- Official movie poster
- Directed by: Rod Marmol
- Screenplay by: Rod Marmol; Jessie Villabrille; Sharon Masula;
- Story by: Sharon Masula
- Produced by: Nessa Valdellon
- Starring: Julie Anne San Jose; Rayver Cruz;
- Cinematography: Arnel Barbarona
- Edited by: Noah Tonga
- Music by: Jo-Edrei Cruz; Ann Margaret Figueroa;
- Production companies: GMA Pictures; GMA Public Affairs;
- Distributed by: GMA Pictures
- Release date: July 26, 2023;
- Running time: 105 minutes
- Country: Philippines
- Language: Filipino

= The Cheating Game =

Philippine romantic drama film

The Cheating Game is a 2023 Philippine romantic drama film directed by Rod Marmol. The film stars Julie Anne San Jose and Rayver Cruz.

==Plot==
Hope (Julie Anne) devotes her life to her fiance Brian (Martin) and an organization they run. However, when Brian's sex video with a mystery woman surfaces online, Hope leaves him and their organization. She starts a new job as a content producer of a company that, unknown to her, moonlights as a troll factory. To prevent herself from getting cheated, she creates a "cheat sheet" as a guide for her to know every person she dates. Hope later on crosses paths with businessman Miguel (Rayver), in which she thought he's the perfect guy for her.
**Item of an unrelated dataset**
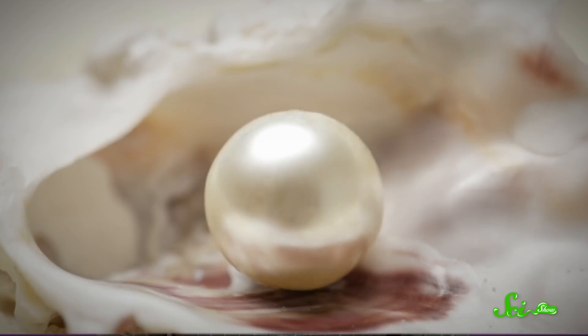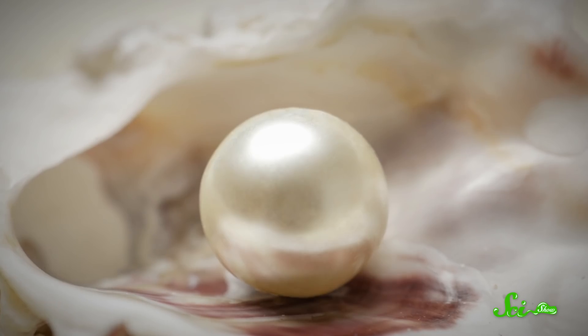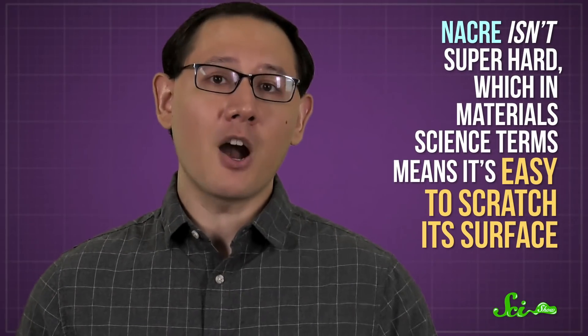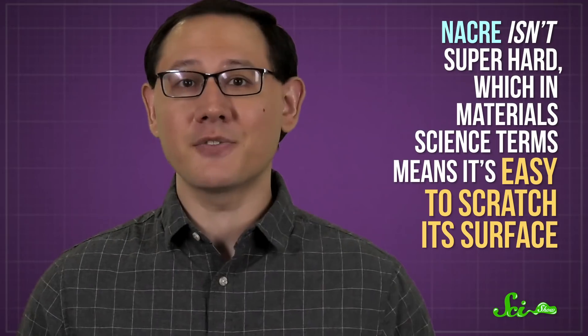As a material, nacre is more than the sum of its parts. Two different substances in combination mean nacre itself can take a serious beating without splintering into pieces. Now, if you have much up-close-and-personal experience with pearls, you might be going, hold on, they get scratched up if you so much as look at them the wrong way. And that's true — nacre isn't super hard, which in materials science terms means it's easy to scratch its surface.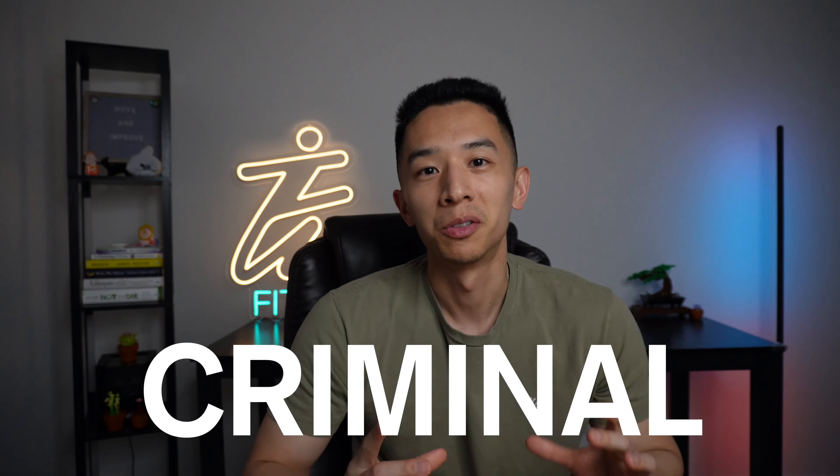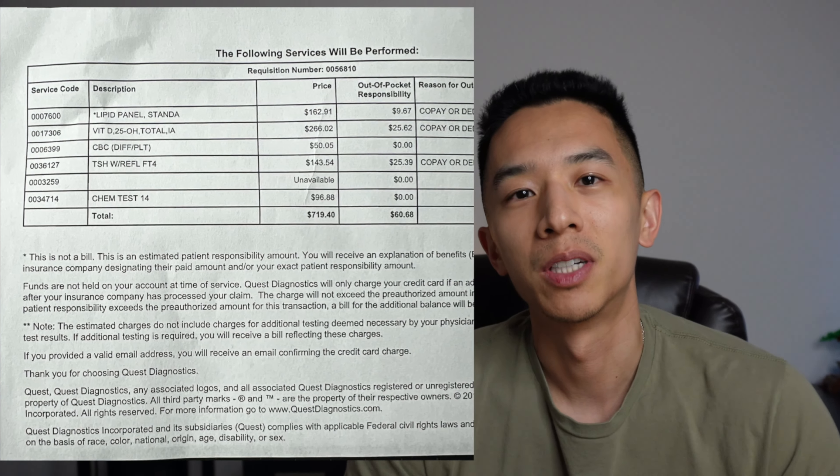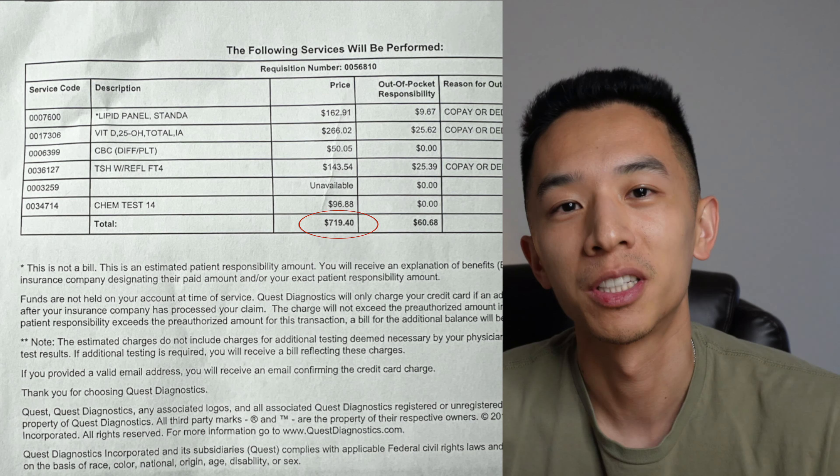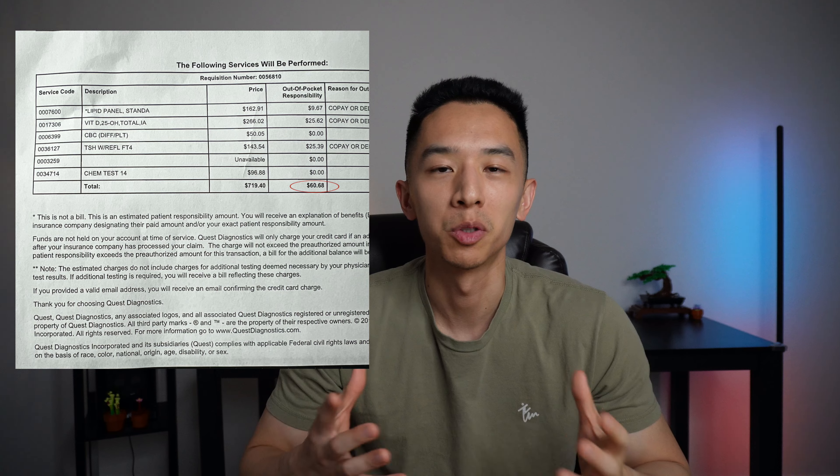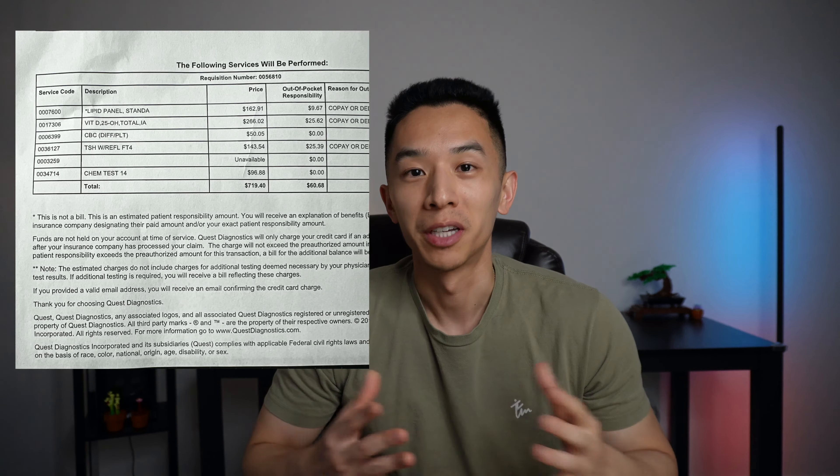After I got it done, it wasn't too bad. I had to take a picture of the receipt from Quest Diagnostics, because it was just criminal how much those tests cost without insurance — it was over $700 without insurance, and I paid out of pocket about $60. If you need any motivation to be healthier, just look at that picture. This is also why everyone should have health insurance and make lifestyle changes to stay out of the hospitals.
However, as they get closer, long-kept secrets begin to unveil.

==Cast==

Main cast
- Julie Anne San Jose as Hope Celestial
- Rayver Cruz as Miguel Agustin

Supporting cast
- Martin del Rosario as Brian Villogo
- Paolo Contis as Mister Y
- Yayo Aguila as Faith Celestial
- Candy Pangilinan as Tita Gelly
- Phi Palmos as Joi Celestial
- Thea Tolentino as Natalie
- Winwyn Marquez as Attorney Vanessa
- Charm Aranton as @Mimasabilang

==Release==
The film was released to theaters nationwide on July 26, 2023. It was released worldwide on Netflix on October 26, 2023.